My New Blue Friends in Governor’s Office, July 7

Corvallis artist Julie Green will exhibit “My New Blue Friends” in the Governor’s Office, in the Capitol Building in Salem, July 7 through Sept. 7. “My New Blue Friends” consists of air-brushed egg tempura paintings depicting abstractions of everyday foods. Inspired by blue-flow ceramics, a technique in which the blue glaze was deliberately blurred, the series presents softly abstracted repetitive shapes in fluctuating tones of blue: a contemporary take on a traditional decorative art form. Green is best-known for her ongoing 16-year project “The Last Supper,” which depicts meal requests of U.S. death-row inmates painted in cobalt blue mineral paint on second-hand plates. “My New Blue Friends” is an oblique response to “The Last Supper,” extending Green’s exploration of food while providing a lighter and less literal interpretation of the subject.

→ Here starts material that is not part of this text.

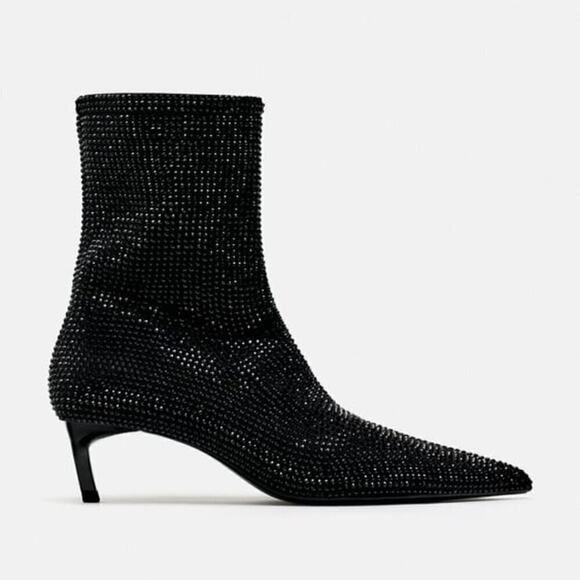 ZARA Black Pointed Toe Rhinestone Ankle Boots NWT – Size 6.5 & 8 - Picture 15 of 16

Born in Japan, Green has exhibited widely in the United States and internationally, and has been a recipient of honors and awards including the Joan Mitchell Foundation Painters and Sculptors Grant, an ArtPrize Juror’s Choice Award and a 2016 Oregon Arts Commission Fellowship. She has been featured in The New York Times, a Whole Foods mini-documentary, National Public Radio, Ceramics Monthly and Gastronomica, and her egg tempera is included in the seventh edition of “A World of Art,” published by Prentice Hall. Green is a Professor of Art at Oregon State University and is represented by Upfor in Portland. The Art in the Governor’s Office Program honors selected artists in Oregon with exhibitions in the reception area of the Governor’s Office in the State Capitol. Artists are nominated by a statewide committee of arts professionals who consider artists representing the breadth and diversity of artistic practice across Oregon, and are then selected by the Arts Commission with the participation of the Governor’s Office. Only professional, living Oregon artists are considered and an exhibit in the Governor’s office is considered a “once in a lifetime” honor. Artists whose work has previously been shown in the Governor’s office include Henk Pander, Michele Russo, Manuel Izquierdo, James Lavadour, Margot Thompson, Gordon Gilkey and Yuji Hiratsuka.